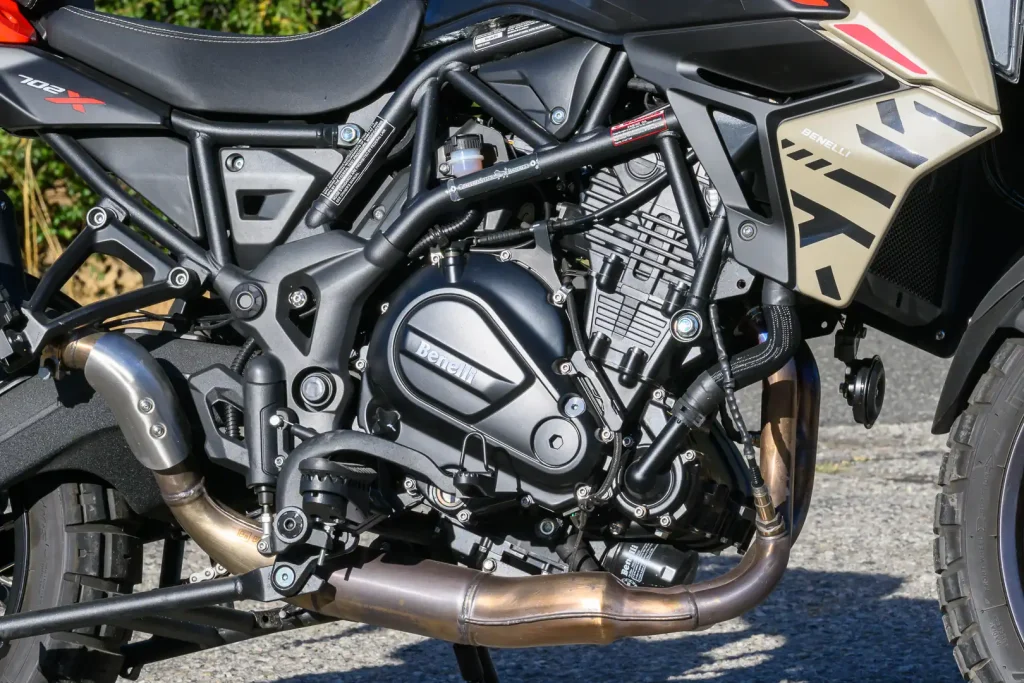 2026 Benelli TRK 702X parallel twin engine right side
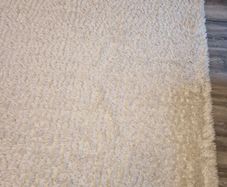 Large Shaggy Cream Rug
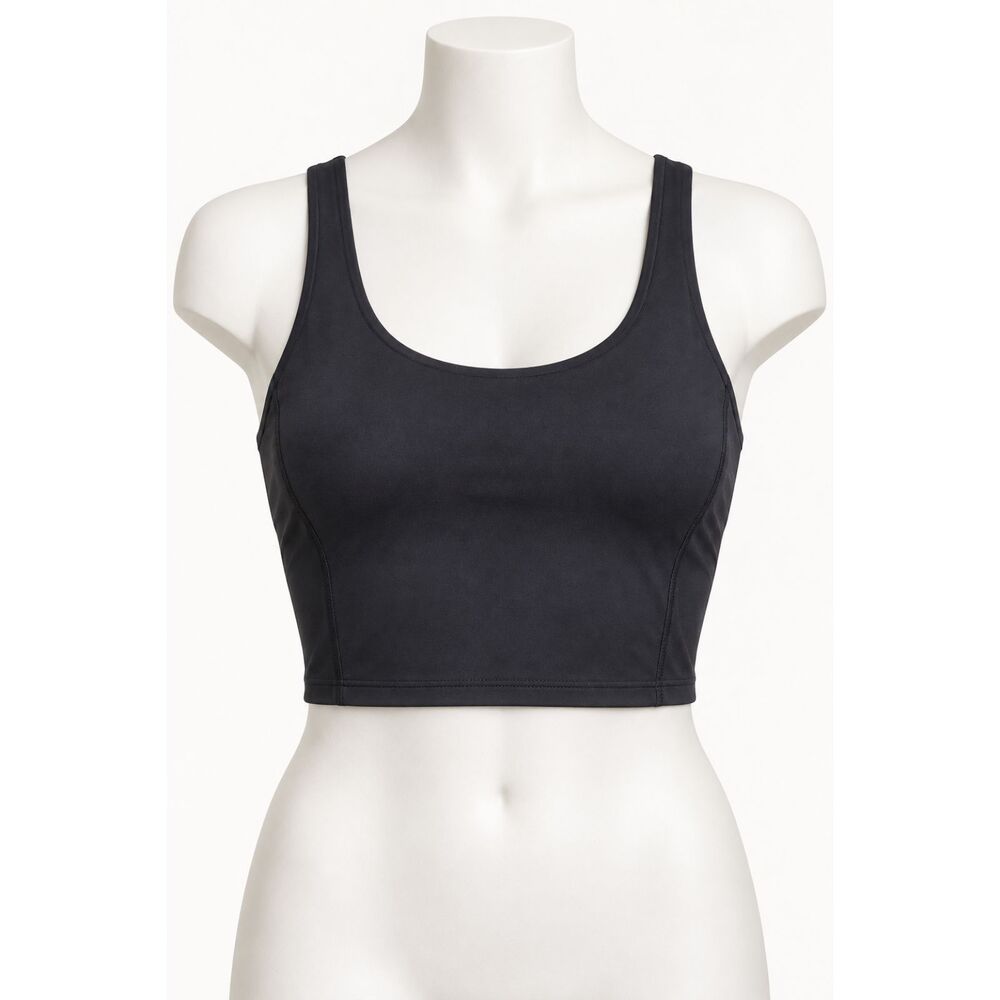 Old Navy Active PowerSoft Sports Bra Tank Women’s L Black Light Support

• EXERCISE DETAILS
Give the listing again exactly, minus its images.

• RESULT FOR THIS TASK
 2026 Benelli TRK 702X parallel twin engine right side
 Large Shaggy Cream Rug
 Old Navy Active PowerSoft Sports Bra Tank Women’s L Black Light Support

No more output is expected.